I am sure the terminology “zip-top” wasn’t accidental, as the government was probably trying to avoid commercializing the message, but Ziploc the brand has come to be closely associated with the handy plastic bags that people use to store food and other stuff. So, they are the first brand that comes to mind. Much like Kleenex has come to mean tissue and Hoover to mean vacuum cleaner (in the U.S.).
I myself will have to go out and buy some more of these ubiquitous bags, as right now I only have snack, sandwich and gallon sized bags, but not the handy quart-sized bags called for by the TSA.
Still, Ziploc will need to take care, as all companies do, to walk the fine line between popularity and the genericization of their trademark. According to the Wikipedians, “A trademark typically becomes ‘genericized’ when the products or services with which it is associated have acquired substantial market dominance or mind share.”
The risk is that it would become so generic that it is indefensible for a company to own the name. Something similar is playing out right now at Apple with the term “podcast” and any other uses of the word pod. Apparently, they are trying to defend the term as a derivative of their trademark, iPod, by sending “cease and desist” letter to companies using “pod” in their name or Internet domains.
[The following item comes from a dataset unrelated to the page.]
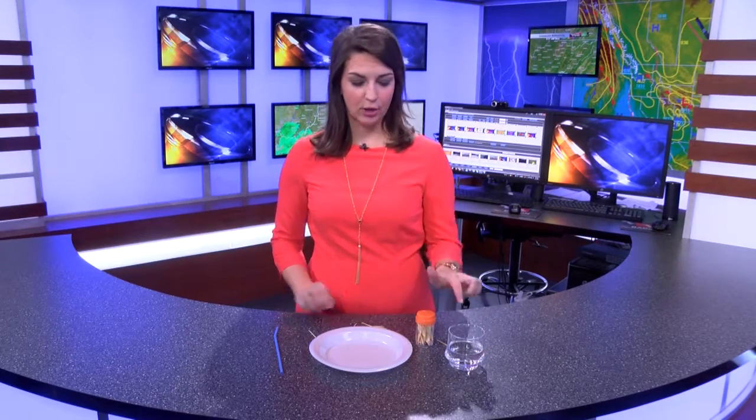Welcome to Kate's Corner. Today we are making an expanding star with just some toothpicks and water. For this experiment you're going to need a plate, five toothpicks, water, and a straw or dropper — anything that you could use to put just a little bit of water onto your plate.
In the full text of Apple’s cease-and-desist letter to the company TightPod, they ask the company to abandon the use of the name within 10 days. This is not a podcast, but similar letters were sent to those with podcasts that contain the word “pod” in them.
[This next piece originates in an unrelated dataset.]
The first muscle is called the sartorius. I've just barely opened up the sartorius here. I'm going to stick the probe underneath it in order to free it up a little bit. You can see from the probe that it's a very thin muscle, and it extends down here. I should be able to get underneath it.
From a public relations standpoint this is a disaster, but it fits right in with the legal way of thinking about this issue. Shel and Neville also covered this issue in the For Immediate Release #164 podcast back in August.
One could reasonably argue the term has already become generic and that Apple doesn’t stand a chance on this one. I imagine the legal eagles see this as a way to defending a possible dilution of the iPod trademark down the line. But is it worth the dent in their reputation?
So what do you think? And more importantly, do you have a couple of quart-sized Ziploc bags that I could borrow?